That would be a lot. A lot happens in half a year, but in summary:

  • July – August was spent moving into our beautiful house that smelled awful. And thanking Mama and Daddy for driving 1200 miles to help us paint. Well – they and JB and the church painted our house while I laid over the bathtub crying and throwing up. Me and Bella both. Somehow, we were pulled through and got moved into 60th Street.
  • August – built towers with all our boxes and stumbled between them through the mounds of clothes that dared us to wash them. Then we ran away from all of it to the beaches of Georgia, where we hung out with my family, ate crazy good food, read books, swam in the ocean at twilight and constantly dodged the water gun wars from the boys.
  • September – Ruidoso. Mountains, fresh air, long hikes, ice cream cones, early morning sunrises on the front porch. We went with JB’s side of the family and basked in a much appreciated break from the moving + work travel…even though we were only home from the beach for two weeks… Hey – two vacations in two months felt like necessity.
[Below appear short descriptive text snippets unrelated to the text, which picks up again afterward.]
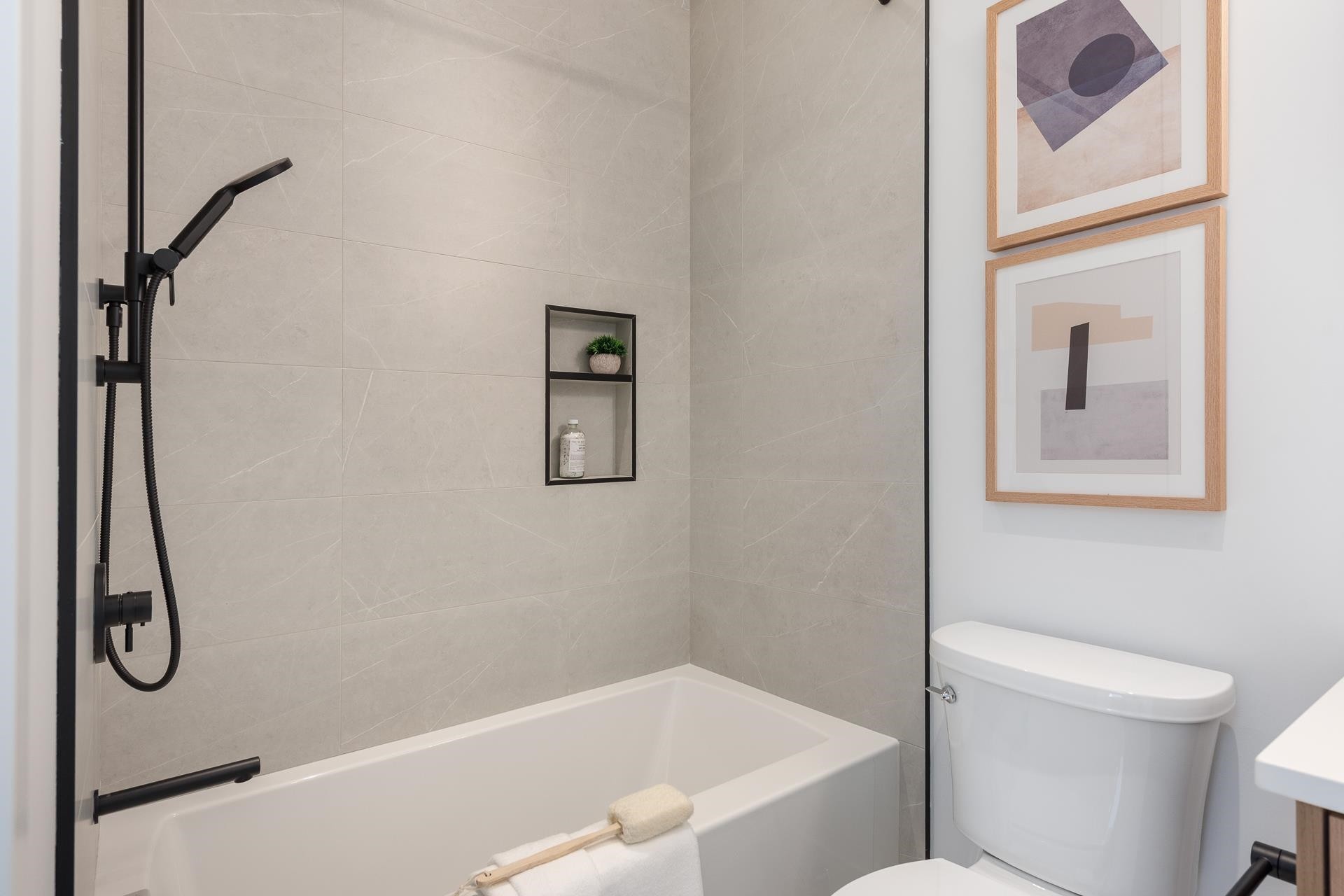









1071


22nd

Avenue East,
Vancouver,




BC
V5V 1W2

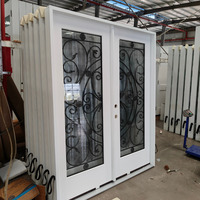 Porte d'entrée double en fibre de verre brossée blanche avec insert en fer forgé et vitrage, unité de porte extérieure avant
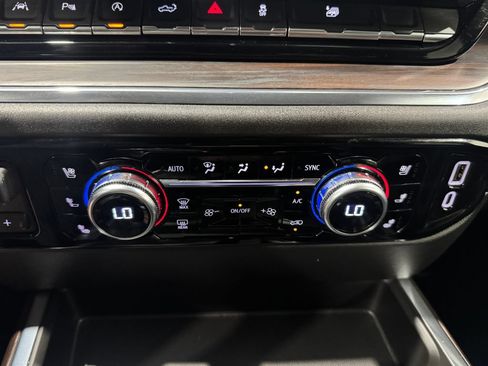 Used 2023 GMC Sierra 1500 SLT w/ SLT Convenience Package AWD/4WD image 33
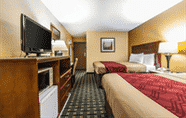 Bedroom 2 Econo Lodge Cartersville Emerson Lake Point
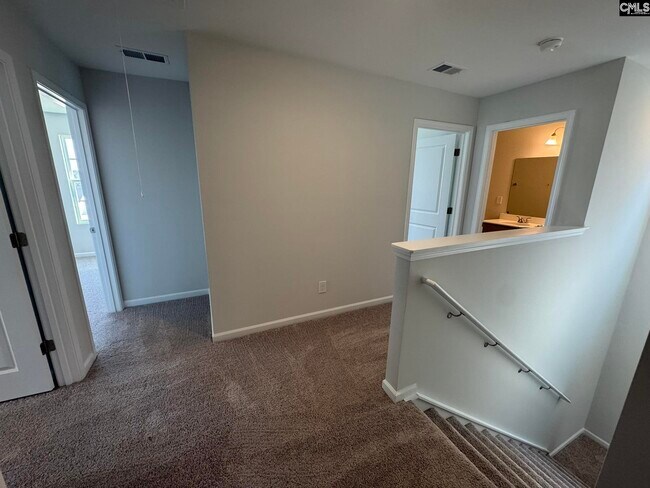 Building Photo - 3081 Hallsdale Dr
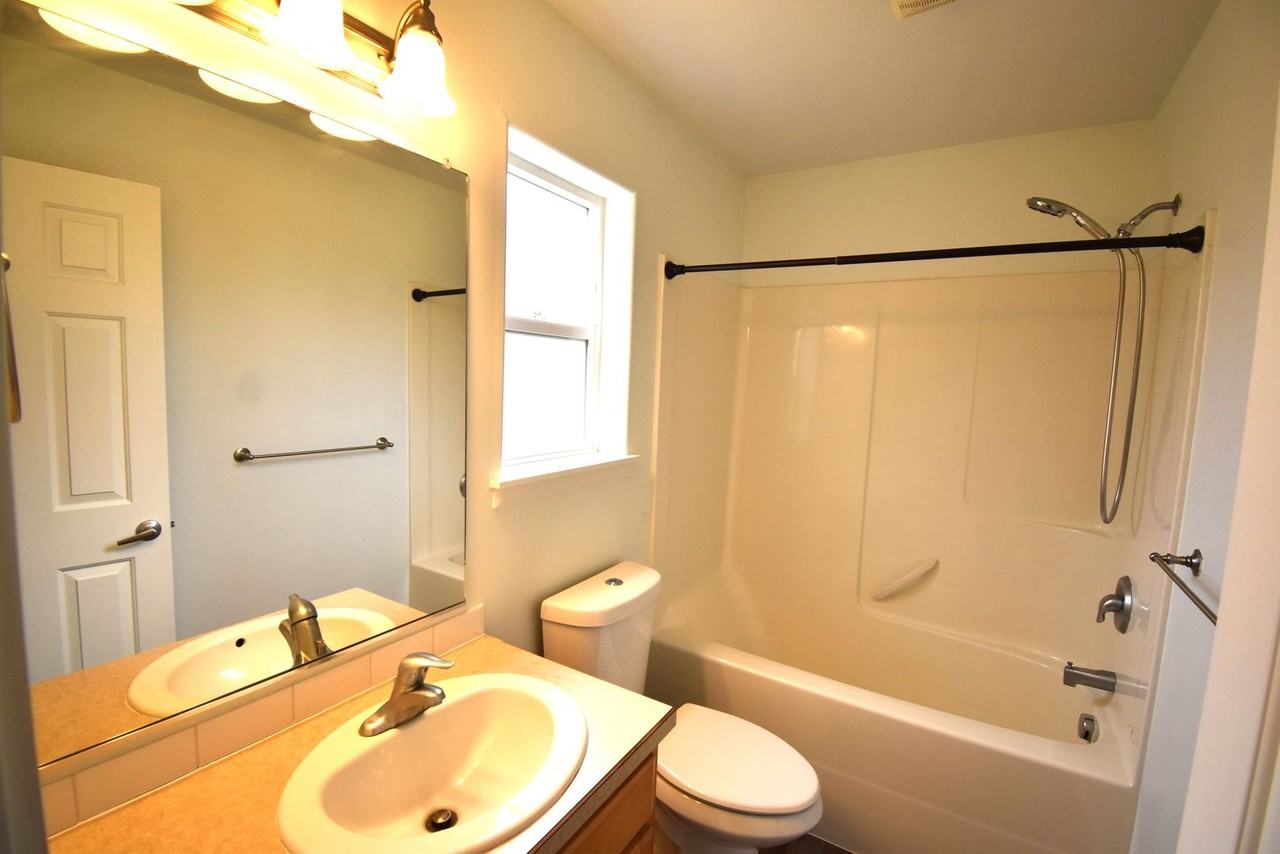 1043 Fuji Ln - Photo 6 of 18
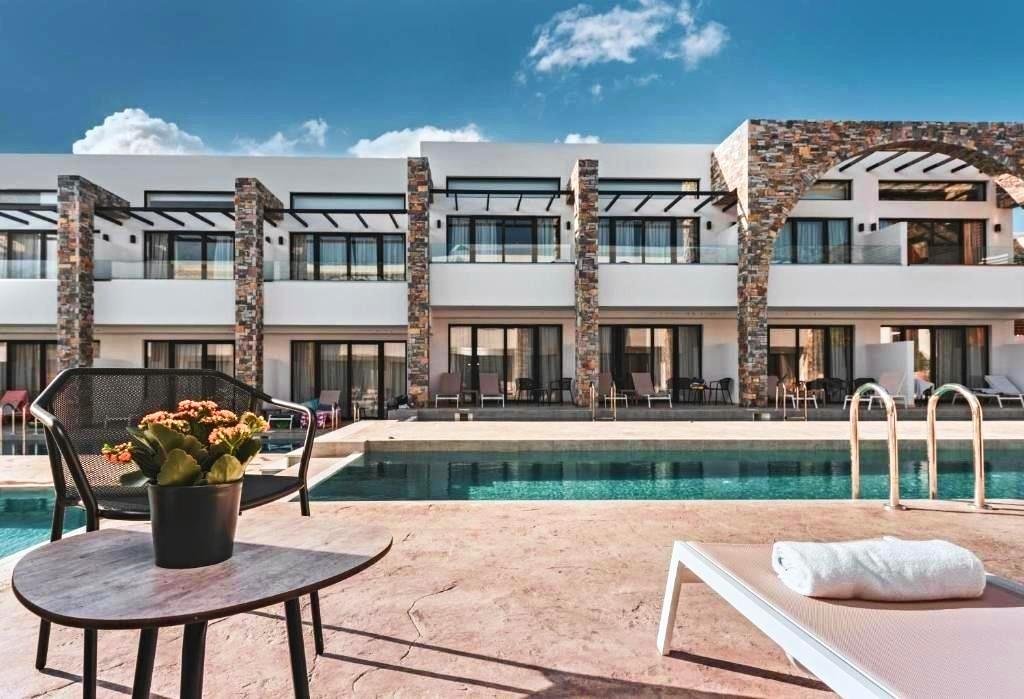 Cavo Suites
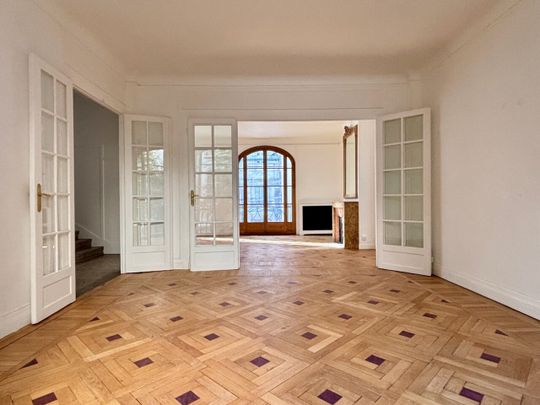 Tout savoir sur cette maison dans le quartier Vaugirard-Parc des Expositions, à Paris 15ème - Photo 1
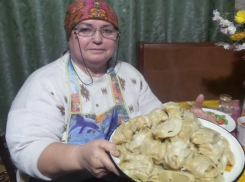 Нина Петровна Гарибян научила корреспондента «Блокнота Морозовска» правильно готовить манты
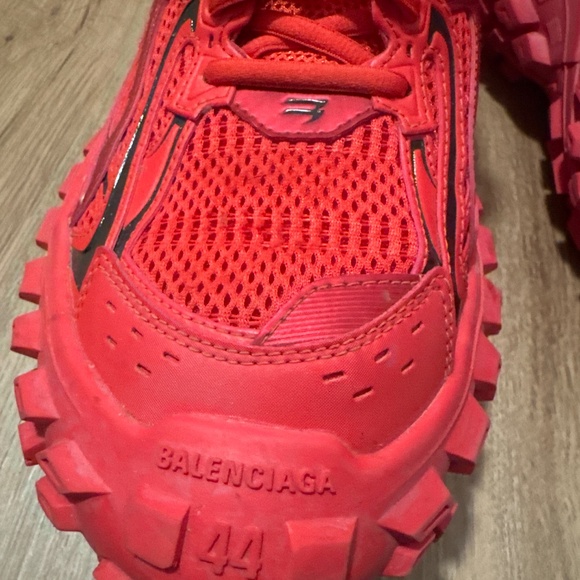 Athletic_Shoes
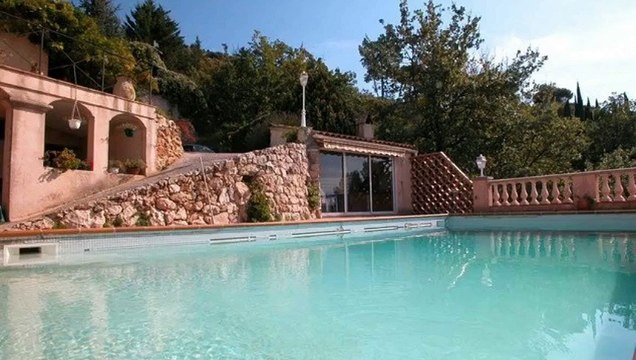 A vendre - Maison/villa - Aspremont (06790) - 6 pièces - 250m²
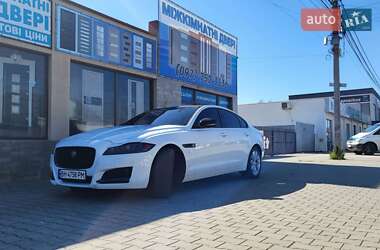 Седан Jaguar XF 2016 в 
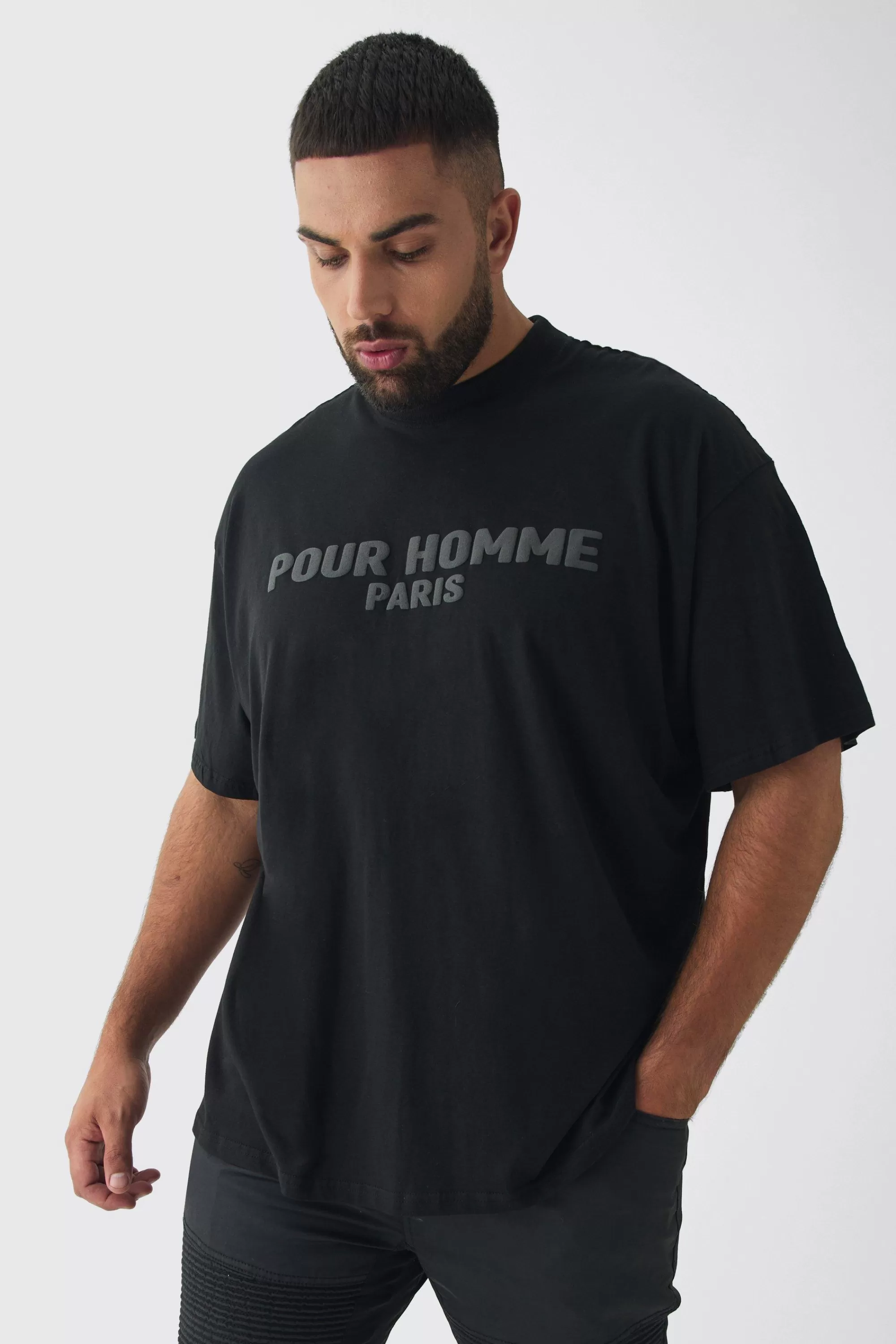 boohooMAN Plus Oversized Extended Neck Pour Homme Puff Print T-Shirt | UK black Fashion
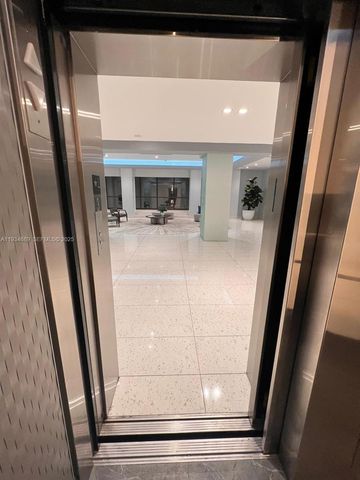 20335 W Country Club Dr 1105, Aventura, FL 33180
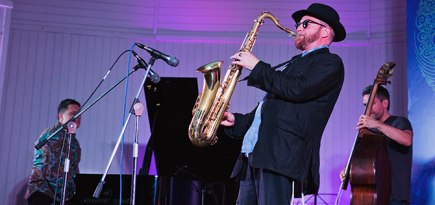 17 и 18 августа в Москве пройдет фестиваль «Джаз в саду \"Эрмитаж\"»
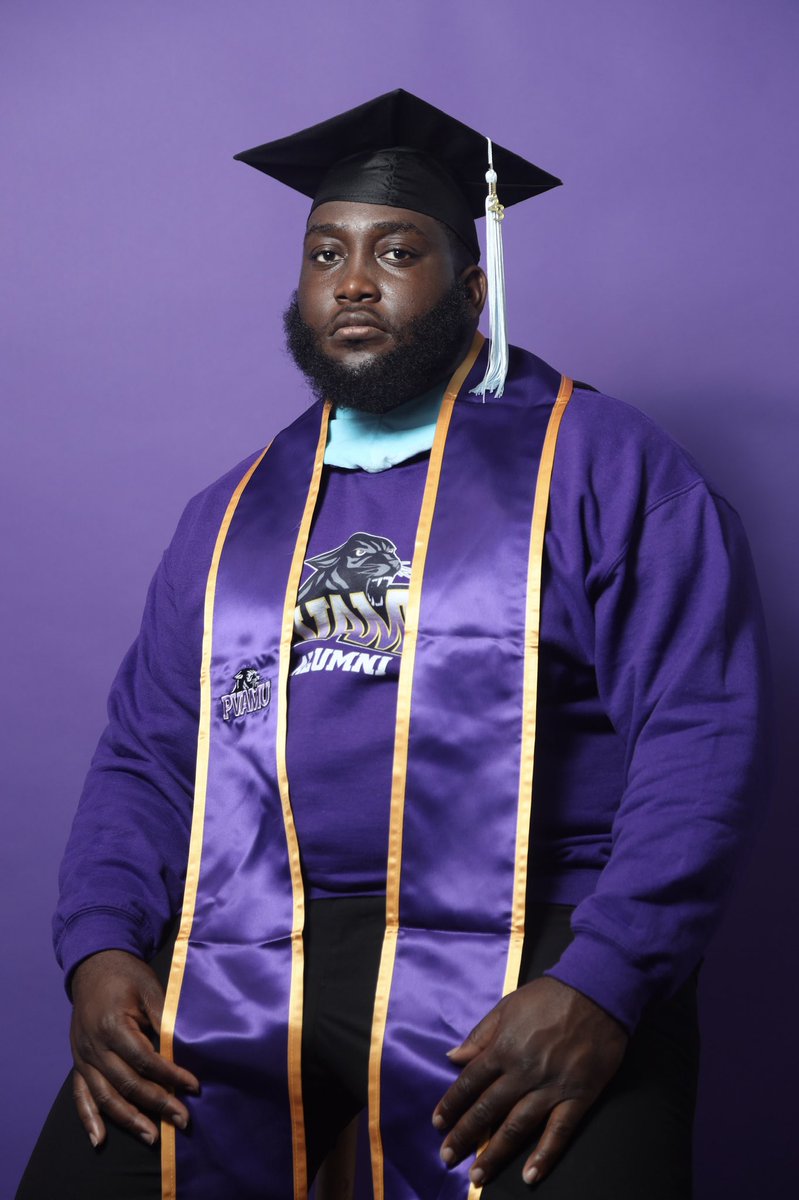 frhicks53's tweet photo. To God be the Glory… 

On Saturday May 13th @8:30am I will be graduating from THEE Illustrious Prairie View A&amp;M University with my Masters of Science in Education Administration! 

#thesagacontinues #pvamugrad 

📸: @rho_digital https://t.co/FdIkwi5NpW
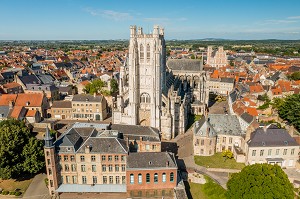 VUE DRONE CATHEDRALE NOTRE DAME DE SAINT OMER, SAINT OMER, (62) PAS-DE-CALAIS, FRANCE 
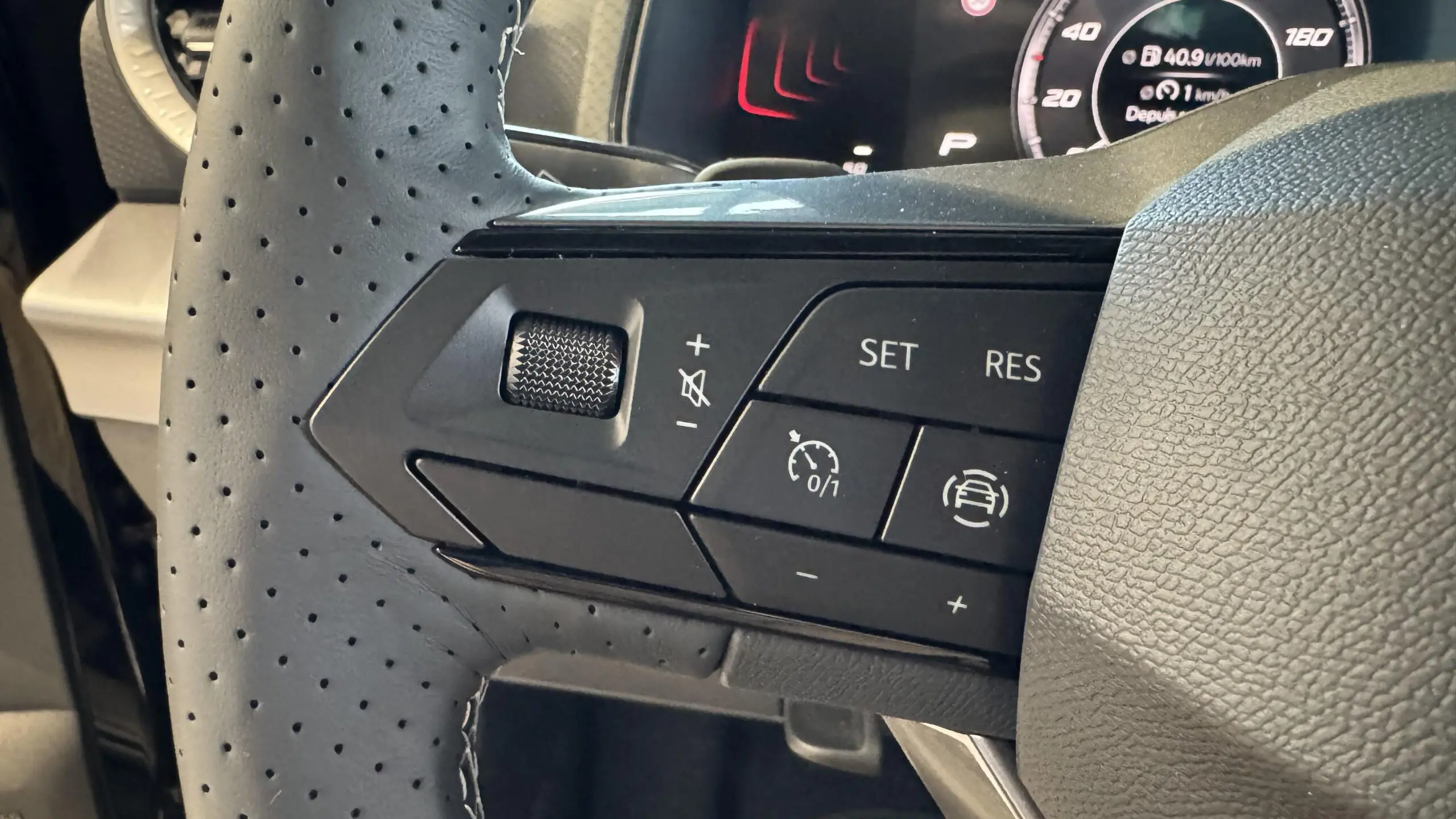 SEAT_ARONA_SIEGE-ARRIERE-DROIT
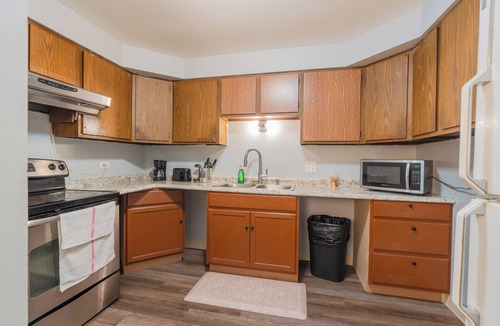 West Ridge Apartment | 1BR Gem in Prime, Vibrant Location Walk To Dining and Shops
  • October – Back to Georgia to photograph a sweet wedding and soak up all the family time I could. But I was ready to come home to that Texan. He doesn’t get easier to leave on travel. It gets worse. And I found myself stalking his Facebook page all over again night after night, feeling more miserable and homesick for him than ever.
  • November – Thanksgiving  and TWO Thanksgiving meals…I’m all about that twice, and packing an outfit a size larger for the trip home. And stopping every 20 minutes for the bathroom because that’s what a woman a month away from her due date does. She also says “thanks babe” a hundred times and promises foot and back rubs as peace offerings as she crunches her way through the 32 oz. cup of crushed ice. It’s like you CAN NOT help yourself – no matter how annoying it sounds to crunch on ice for 14 hours.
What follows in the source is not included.